Quick. Name Hawaii’s most valuable agricultural product.

If you said sugar, you’re wrong. Pineapple? Nope.

It’s not fruit, it’s not vegetables, not nuts, not flowers and not trees.

The answer: seeds.

Seed crops — primarily seed corn — have shot to the top of the list in recent years, despite a push toward food self-sufficiency and energy independence that require locally-grown plants.

Seed crops in Hawaii were valued at more than $175 million [pdf] in 2008, according to the U.S. Department of Agriculture‘s National Agricultural Statistics Service. Unprocessed sugarcane came in next with about $44 million, followed by macadamia nuts and coffee. But the seeds required less land than any of those products.

(Pineapple is not listed because to do so would disclose the value of individual companies. Hawaii Department of Agriculture Public Information Officer Janelle Saneishi said pineapple would likely come in second or third, right in front of or behind sugar.)

Some of the largest seed crop companies in the world — Syngenta, Dow Agrosciences, Pioneer Hi-Bred and Monsanto — have established themselves here.

Hawaii’s year-round growing conditions help the companies make up the difference they pay in shipping and the high cost of leasing or owning land by allowing three or four crop cycles. And because Hawaii is still part of America’s stable political system, it’s more appealing than locations in Central or South America, said Alicia Maluafiti, executive director of the Hawaii Crop Improvement Association, a nonprofit trade association representing the agricultural seed industry.

“Some of the value-added areas of the seed industry in Hawaii is that they’re keeping important agricultural lands in ag use,” Maluafiti said when asked what benefits the state sees from the industry’s heavy presence here. “There’s a lot more money to be made to be used those lands for alternative purposes.
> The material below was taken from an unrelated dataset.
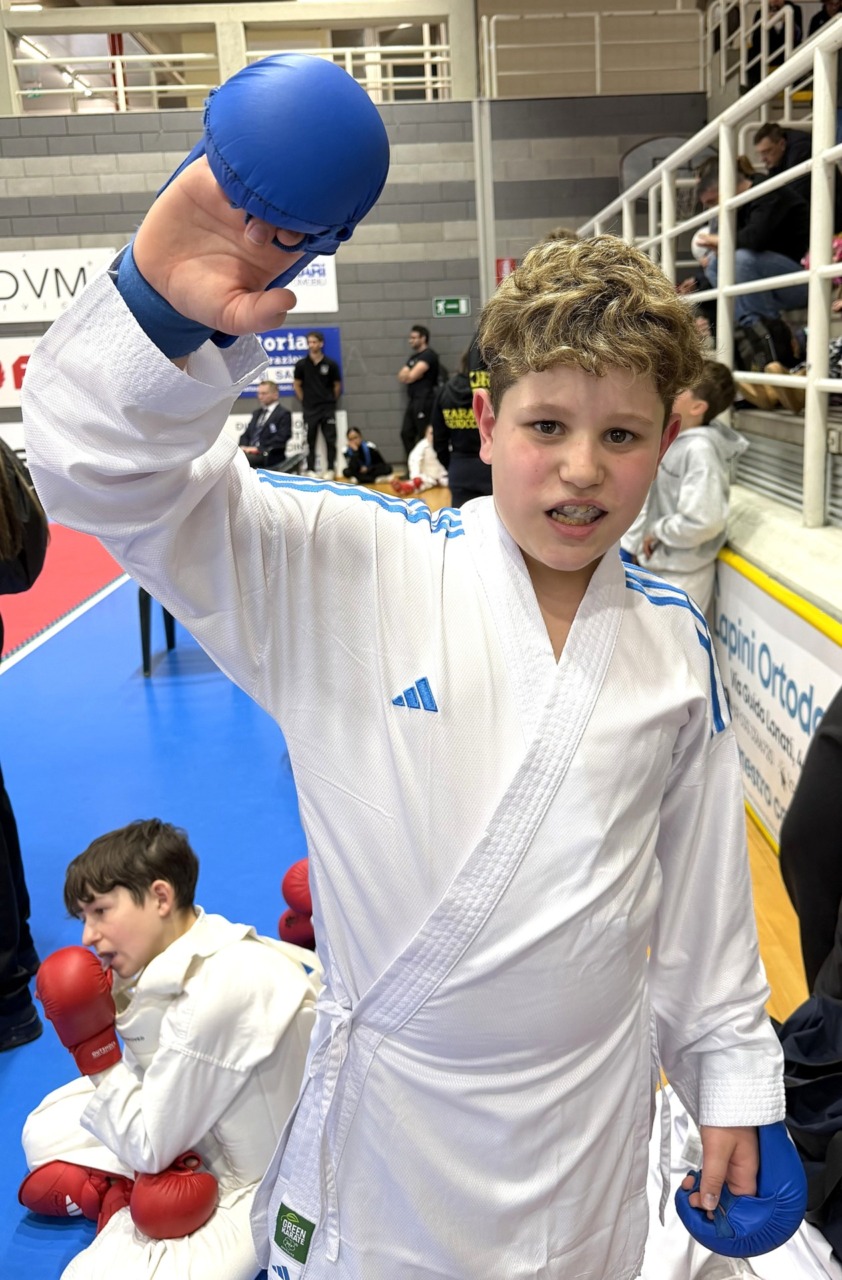 Steven Gambino trionfa nel Kumite Under 12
Our commitment is to keeping that space green and open and in viable ag, and the seed industry is doing that.”

The seed companies also provide 2,000 local jobs and maintain irrigation systems and other infrastructure needed to ensure that agriculture can continue here, she said. The most recent Hawaii Seed Crop Industry economic report [pdf], published in July 2009, provides deeper insight into the exponential financial growth.

But the seed industry is not without controversy. Genetically modified organisms have drawn fire from environmentalists who say the products are untested and could have unidentified health risks. Websites like the Non-GMO Project and Say No To GMOs highlight those concerns. Various media outlets have reported that the spread of pesticide-resistant crops has led to pesticide-resistant “superweeds” and some worry the arms race is just getting started.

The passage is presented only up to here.